• [TASK OBJECTIVE]
Where the records below show a line containing "美鶴(CV.田中 理恵) 性能紹介ムービー", start copying; end with the line containing "прущая мука Свободный", and copy it too.

• [RECORDS FOR THE TASK]

===

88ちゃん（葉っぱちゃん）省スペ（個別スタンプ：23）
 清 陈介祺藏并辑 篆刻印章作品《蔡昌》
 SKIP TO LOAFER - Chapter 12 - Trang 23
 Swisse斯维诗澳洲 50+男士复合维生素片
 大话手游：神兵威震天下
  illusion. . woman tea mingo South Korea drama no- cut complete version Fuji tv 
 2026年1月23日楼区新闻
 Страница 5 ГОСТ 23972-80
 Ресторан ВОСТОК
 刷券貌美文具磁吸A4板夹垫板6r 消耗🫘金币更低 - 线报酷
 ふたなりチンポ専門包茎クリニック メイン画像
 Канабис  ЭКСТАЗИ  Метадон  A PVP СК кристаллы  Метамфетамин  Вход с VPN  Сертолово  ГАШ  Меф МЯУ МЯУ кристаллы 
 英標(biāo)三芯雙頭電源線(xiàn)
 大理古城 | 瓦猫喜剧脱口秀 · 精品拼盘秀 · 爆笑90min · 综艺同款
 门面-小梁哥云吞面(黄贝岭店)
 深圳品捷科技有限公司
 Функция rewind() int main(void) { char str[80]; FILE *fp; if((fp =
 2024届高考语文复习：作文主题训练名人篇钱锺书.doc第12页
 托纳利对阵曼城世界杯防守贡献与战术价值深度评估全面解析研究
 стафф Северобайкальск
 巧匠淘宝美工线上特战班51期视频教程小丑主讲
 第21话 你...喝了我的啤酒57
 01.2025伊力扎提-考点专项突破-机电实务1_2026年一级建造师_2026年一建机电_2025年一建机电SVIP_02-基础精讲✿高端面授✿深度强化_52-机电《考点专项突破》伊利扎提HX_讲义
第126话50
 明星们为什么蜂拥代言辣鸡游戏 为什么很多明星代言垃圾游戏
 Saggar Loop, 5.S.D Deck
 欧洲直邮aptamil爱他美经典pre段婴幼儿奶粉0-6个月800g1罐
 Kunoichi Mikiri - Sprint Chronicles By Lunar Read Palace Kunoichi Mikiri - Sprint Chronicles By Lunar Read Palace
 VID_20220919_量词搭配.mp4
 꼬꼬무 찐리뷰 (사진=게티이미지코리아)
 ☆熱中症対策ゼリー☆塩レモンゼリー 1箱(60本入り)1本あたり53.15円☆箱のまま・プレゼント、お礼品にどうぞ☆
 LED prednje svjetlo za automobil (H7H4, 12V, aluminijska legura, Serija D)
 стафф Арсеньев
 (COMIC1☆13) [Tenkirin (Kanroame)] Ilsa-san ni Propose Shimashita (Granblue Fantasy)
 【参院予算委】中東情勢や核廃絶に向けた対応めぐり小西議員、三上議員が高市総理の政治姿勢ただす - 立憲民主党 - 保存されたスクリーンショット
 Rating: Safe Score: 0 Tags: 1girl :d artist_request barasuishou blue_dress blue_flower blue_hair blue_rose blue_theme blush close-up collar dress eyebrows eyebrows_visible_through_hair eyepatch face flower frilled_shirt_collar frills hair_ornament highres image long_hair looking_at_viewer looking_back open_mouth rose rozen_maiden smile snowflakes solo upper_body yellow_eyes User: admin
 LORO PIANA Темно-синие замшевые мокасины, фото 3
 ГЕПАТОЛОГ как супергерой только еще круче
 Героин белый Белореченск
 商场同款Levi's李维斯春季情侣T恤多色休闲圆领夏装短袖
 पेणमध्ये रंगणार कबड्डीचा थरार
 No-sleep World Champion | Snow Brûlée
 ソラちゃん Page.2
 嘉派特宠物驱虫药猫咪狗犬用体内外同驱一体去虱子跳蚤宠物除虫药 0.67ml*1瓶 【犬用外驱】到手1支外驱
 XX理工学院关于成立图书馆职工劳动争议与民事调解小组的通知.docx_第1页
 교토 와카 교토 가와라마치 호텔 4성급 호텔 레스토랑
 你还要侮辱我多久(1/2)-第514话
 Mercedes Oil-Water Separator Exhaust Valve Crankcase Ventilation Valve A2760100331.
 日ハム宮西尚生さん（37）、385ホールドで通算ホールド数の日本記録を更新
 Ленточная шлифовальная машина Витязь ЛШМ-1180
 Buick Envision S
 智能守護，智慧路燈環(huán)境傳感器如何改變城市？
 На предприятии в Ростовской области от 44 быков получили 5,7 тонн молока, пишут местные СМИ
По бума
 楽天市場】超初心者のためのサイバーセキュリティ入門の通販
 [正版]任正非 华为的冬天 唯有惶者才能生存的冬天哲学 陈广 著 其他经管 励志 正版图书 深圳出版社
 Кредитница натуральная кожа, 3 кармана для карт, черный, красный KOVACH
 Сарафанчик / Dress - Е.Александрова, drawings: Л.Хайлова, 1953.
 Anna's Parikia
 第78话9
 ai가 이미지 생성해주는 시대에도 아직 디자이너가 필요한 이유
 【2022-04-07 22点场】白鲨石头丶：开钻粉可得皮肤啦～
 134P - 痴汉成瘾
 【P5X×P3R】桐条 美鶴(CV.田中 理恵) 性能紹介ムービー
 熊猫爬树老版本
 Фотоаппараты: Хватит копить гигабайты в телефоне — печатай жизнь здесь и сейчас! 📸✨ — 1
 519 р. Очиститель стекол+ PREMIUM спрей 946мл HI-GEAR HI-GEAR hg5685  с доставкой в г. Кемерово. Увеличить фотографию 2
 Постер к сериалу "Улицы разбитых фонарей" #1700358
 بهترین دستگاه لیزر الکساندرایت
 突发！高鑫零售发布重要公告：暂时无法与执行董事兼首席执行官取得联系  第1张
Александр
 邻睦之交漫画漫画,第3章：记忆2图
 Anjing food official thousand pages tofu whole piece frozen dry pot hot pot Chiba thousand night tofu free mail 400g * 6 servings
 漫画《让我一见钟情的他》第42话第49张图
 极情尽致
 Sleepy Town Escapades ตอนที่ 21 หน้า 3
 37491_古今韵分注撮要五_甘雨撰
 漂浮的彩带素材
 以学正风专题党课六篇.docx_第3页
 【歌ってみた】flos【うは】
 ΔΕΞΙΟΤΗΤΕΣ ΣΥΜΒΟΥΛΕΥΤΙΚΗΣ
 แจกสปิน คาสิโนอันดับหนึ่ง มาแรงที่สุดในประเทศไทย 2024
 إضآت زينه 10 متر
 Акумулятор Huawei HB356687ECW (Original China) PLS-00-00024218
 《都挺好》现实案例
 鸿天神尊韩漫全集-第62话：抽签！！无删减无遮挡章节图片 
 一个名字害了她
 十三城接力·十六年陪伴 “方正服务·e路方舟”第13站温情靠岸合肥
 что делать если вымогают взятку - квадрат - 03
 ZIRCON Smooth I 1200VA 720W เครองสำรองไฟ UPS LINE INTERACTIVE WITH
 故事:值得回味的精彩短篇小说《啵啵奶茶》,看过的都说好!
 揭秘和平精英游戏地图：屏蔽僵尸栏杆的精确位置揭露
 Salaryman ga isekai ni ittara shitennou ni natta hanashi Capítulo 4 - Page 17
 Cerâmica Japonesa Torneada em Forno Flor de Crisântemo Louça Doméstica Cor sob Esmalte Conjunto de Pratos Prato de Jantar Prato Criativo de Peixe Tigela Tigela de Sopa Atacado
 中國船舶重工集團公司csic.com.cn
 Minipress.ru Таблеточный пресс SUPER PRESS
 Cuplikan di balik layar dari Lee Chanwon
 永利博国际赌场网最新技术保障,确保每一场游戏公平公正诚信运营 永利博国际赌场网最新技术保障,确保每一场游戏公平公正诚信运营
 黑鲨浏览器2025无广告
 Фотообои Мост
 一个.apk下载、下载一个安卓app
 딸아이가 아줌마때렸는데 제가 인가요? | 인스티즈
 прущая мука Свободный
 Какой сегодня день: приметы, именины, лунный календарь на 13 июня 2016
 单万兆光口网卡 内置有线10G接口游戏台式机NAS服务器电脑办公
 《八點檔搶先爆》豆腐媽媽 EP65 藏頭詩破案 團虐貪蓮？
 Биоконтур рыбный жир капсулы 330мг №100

===

• [WRITTEN SOLUTION]
 【P5X×P3R】桐条 美鶴(CV.田中 理恵) 性能紹介ムービー
 熊猫爬树老版本
 Фотоаппараты: Хватит копить гигабайты в телефоне — печатай жизнь здесь и сейчас! 📸✨ — 1
 519 р. Очиститель стекол+ PREMIUM спрей 946мл HI-GEAR HI-GEAR hg5685  с доставкой в г. Кемерово. Увеличить фотографию 2
 Постер к сериалу "Улицы разбитых фонарей" #1700358
 بهترین دستگاه لیزر الکساندرایت
 突发！高鑫零售发布重要公告：暂时无法与执行董事兼首席执行官取得联系  第1张
Александр
 邻睦之交漫画漫画,第3章：记忆2图
 Anjing food official thousand pages tofu whole piece frozen dry pot hot pot Chiba thousand night tofu free mail 400g * 6 servings
 漫画《让我一见钟情的他》第42话第49张图
 极情尽致
 Sleepy Town Escapades ตอนที่ 21 หน้า 3
 37491_古今韵分注撮要五_甘雨撰
 漂浮的彩带素材
 以学正风专题党课六篇.docx_第3页
 【歌ってみた】flos【うは】
 ΔΕΞΙΟΤΗΤΕΣ ΣΥΜΒΟΥΛΕΥΤΙΚΗΣ
 แจกสปิน คาสิโนอันดับหนึ่ง มาแรงที่สุดในประเทศไทย 2024
 إضآت زينه 10 متر
 Акумулятор Huawei HB356687ECW (Original China) PLS-00-00024218
 《都挺好》现实案例
 鸿天神尊韩漫全集-第62话：抽签！！无删减无遮挡章节图片 
 一个名字害了她
 十三城接力·十六年陪伴 “方正服务·e路方舟”第13站温情靠岸合肥
 что делать если вымогают взятку - квадрат - 03
 ZIRCON Smooth I 1200VA 720W เครองสำรองไฟ UPS LINE INTERACTIVE WITH
 故事:值得回味的精彩短篇小说《啵啵奶茶》,看过的都说好!
 揭秘和平精英游戏地图：屏蔽僵尸栏杆的精确位置揭露
 Salaryman ga isekai ni ittara shitennou ni natta hanashi Capítulo 4 - Page 17
 Cerâmica Japonesa Torneada em Forno Flor de Crisântemo Louça Doméstica Cor sob Esmalte Conjunto de Pratos Prato de Jantar Prato Criativo de Peixe Tigela Tigela de Sopa Atacado
 中國船舶重工集團公司csic.com.cn
 Minipress.ru Таблеточный пресс SUPER PRESS
 Cuplikan di balik layar dari Lee Chanwon
 永利博国际赌场网最新技术保障,确保每一场游戏公平公正诚信运营 永利博国际赌场网最新技术保障,确保每一场游戏公平公正诚信运营
 黑鲨浏览器2025无广告
 Фотообои Мост
 一个.apk下载、下载一个安卓app
 딸아이가 아줌마때렸는데 제가 인가요? | 인스티즈
 прущая мука Свободный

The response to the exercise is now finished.